Please repeat, from the entries that follow, the lines from the one containing "NEW YEAR GOAL" through the one containing "Une chambre compacte" exactly, adding nothing.
(Data for analysis)
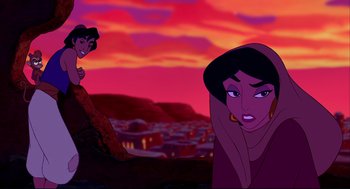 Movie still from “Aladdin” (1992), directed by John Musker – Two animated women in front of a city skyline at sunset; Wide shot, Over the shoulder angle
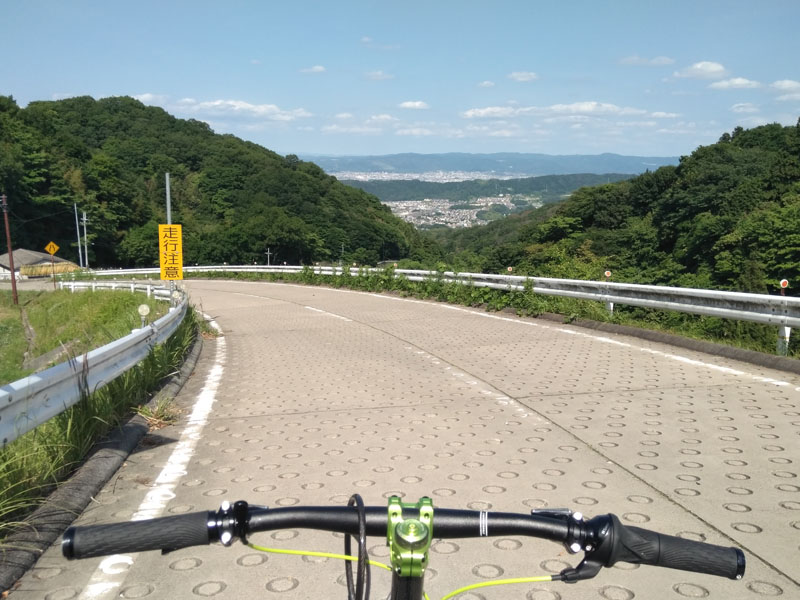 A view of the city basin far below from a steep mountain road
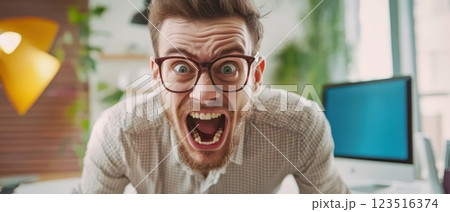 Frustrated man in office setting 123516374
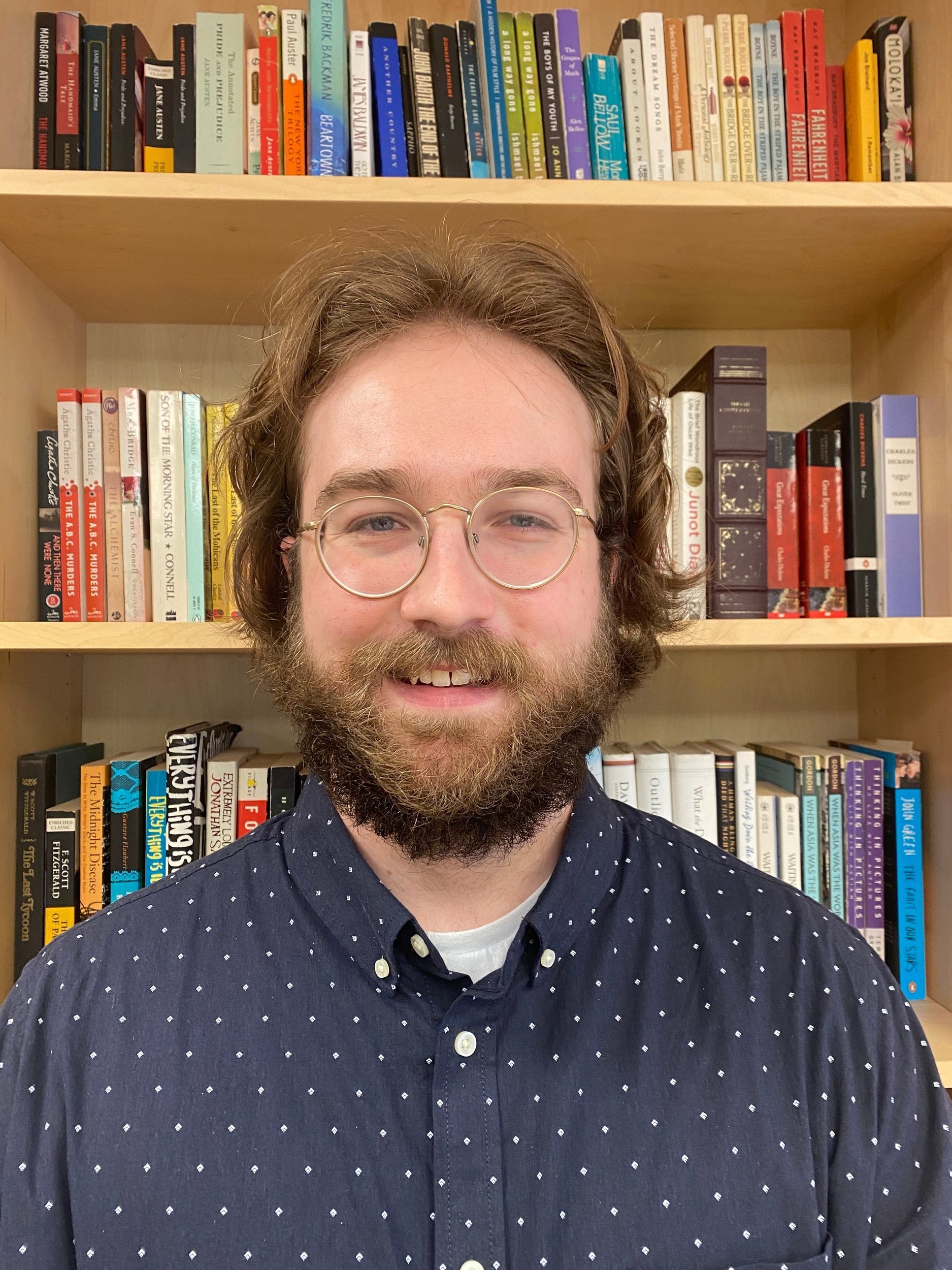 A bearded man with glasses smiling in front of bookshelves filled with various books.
(End Data for analysis)
(Data for analysis)
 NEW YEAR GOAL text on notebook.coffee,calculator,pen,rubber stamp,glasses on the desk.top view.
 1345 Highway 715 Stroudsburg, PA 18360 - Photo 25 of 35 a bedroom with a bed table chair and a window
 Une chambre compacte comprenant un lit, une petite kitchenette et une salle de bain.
(End Data for analysis)
→ Reply
 NEW YEAR GOAL text on notebook.coffee,calculator,pen,rubber stamp,glasses on the desk.top view.
 1345 Highway 715 Stroudsburg, PA 18360 - Photo 25 of 35 a bedroom with a bed table chair and a window
 Une chambre compacte comprenant un lit, une petite kitchenette et une salle de bain.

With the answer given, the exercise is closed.